Insomma come se fossimo coeredi anziché comproprietari vista la natura della provenienza del bene mortis causa.

Chiedo ciò in quanto mio fratello ha deciso autonomamente di vendere il suo 50% ai nostri genitori senza notificarmi nulla e pertanto eventualmente impedendomi di esercitare il diritto di prelazione.

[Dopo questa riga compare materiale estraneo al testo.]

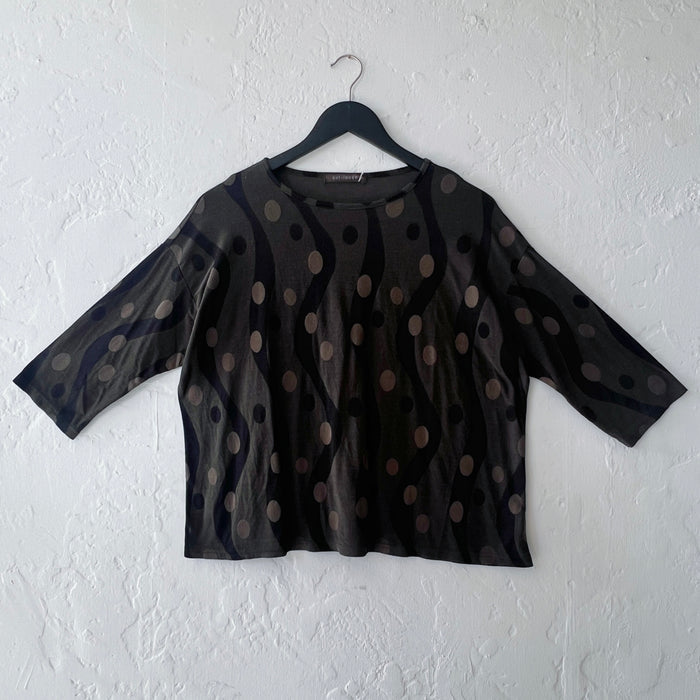 Dark green polka dot blouse on a hanger against a white wall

In aggiunta a ciò c'è un acquirente (con regolare offerta arrivata tramite agenzia immobiliare controfirmata anche da mio fratello) che ha rinnovato (non è riuscito a rispettare il termine della proposta d'acquisto del stipulare il contratto preliminare di una settimana) la sua volontà ad acquistare ad una cifra più vantaggiosa di quella offerta da i nostri genitori (per vari motivi solo a lui).

Ora, io mi ritrovo nella condizione di non poter vendere il mio 50% all'acquirente arrivato tramite agenzia, quindi un importante perdita di guadagno e con l'aggravante che mi eventualmente ritroverò come nuovi comproprietari i nostri genitori. Genitori i quali ostacoleranno la vendita di tale immobile con maggiore forza giuridica in quanto diventeranno comproprietari al 50%.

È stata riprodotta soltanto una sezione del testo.